I’m sure this will be a major read for many in 2025, coming from the author of The Girl on the Train, adapted as a movie with Emily Blunt. Psychological thriller seems to be Hawkins stock in trade, and The Blue Hour falls into that genre. Vanessa Chapman, beautiful, independent, volatile visual artist specializing in painting, sculpture, and assemblage multimedia works, has been dead for a year now. Her friend and carer Grace is dealing with her own grief while trying to assemble Vanessa’s remaining works, letters, and journals for the Fairburn Foundation, the estate to which Vanessa bequeathed her work. Grace was informally left Vanessa’s beloved island and home, Eris, an island joined to the mainland by a causeway that is impassible for half of each day at high tide.

While to the manor born, Vanessa leaves most of that behind, driven by the need for freedom to create her art. She achieved some degree of success when alive, and stands to hit higher heights, and possibly scandal, after her death. When the piece Division II, on display at the Tate Museum, is suspected to contain a human rib bone, curator James Becker is dispatched by his boss and oldest friend Sebastian Lennox, heir of the Fairburn Foundation, to Eris and Grace, to obtain all remaining works and writings of Chapmen forthwith. As the investigation of the bone in Division II proceeds, Becker’s attempts to take away Chapman’s materials is thwarted and delayed by Grace. We learn more about each person’s relationships, as most are not what they appear to be.

James and his wife Helena are in the last months of her pregnancy, living in a lodge on Fairburn’s grounds, a complication given that Helena was engaged to Sebastian prior to meeting James. James is in a perpetual state of anxiety over his wife’s fidelity and health, questioning Sebastian’s motives at every turn. James’ personal obsession with Vanessa Chapman’s art dates back to his childhood, so the chance to be the primary curator for her works is irresistible. Vanessa is revealed to be a complex person, driven in equal measure by her drives to create art and have sex. She impulsively married Julian Chapman, a high born ne’er-do-well who chases women and adventures. Vanessa knows he is no good for her, but cannot bring herself to divorce him.
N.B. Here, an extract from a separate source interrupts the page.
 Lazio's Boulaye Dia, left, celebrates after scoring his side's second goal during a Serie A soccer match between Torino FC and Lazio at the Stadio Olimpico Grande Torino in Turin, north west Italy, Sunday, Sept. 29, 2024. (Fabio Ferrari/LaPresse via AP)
Finally, we learn about Grace, physician for the village, with an ignominious past of her own, a twisted personality disordered woman who believes she finds purpose as Vanessa’s protector and carer.

All action on Eris is bound by the strictures of nature: the tides that make the causeway impassible and beaches risky, the winds and weather that make the most scenic parts of the island the most treacherous. Beauty and risk, always side by side. Hawkins slips into cliché a bit, by depicting high born characters of low virtue, such as laziness, recklessness, and rashness; while low born characters possess high virtue, such as dependability, work ethic, and kindness. Hawkins does a fine job of slowly unveiling Grace’s treachery and violence, which she has managed to hide from herself and others for so long.

This was a real page turner, set in a wildly beautiful area in Hawkins’ imagination. A quick, twisty, absorbing read.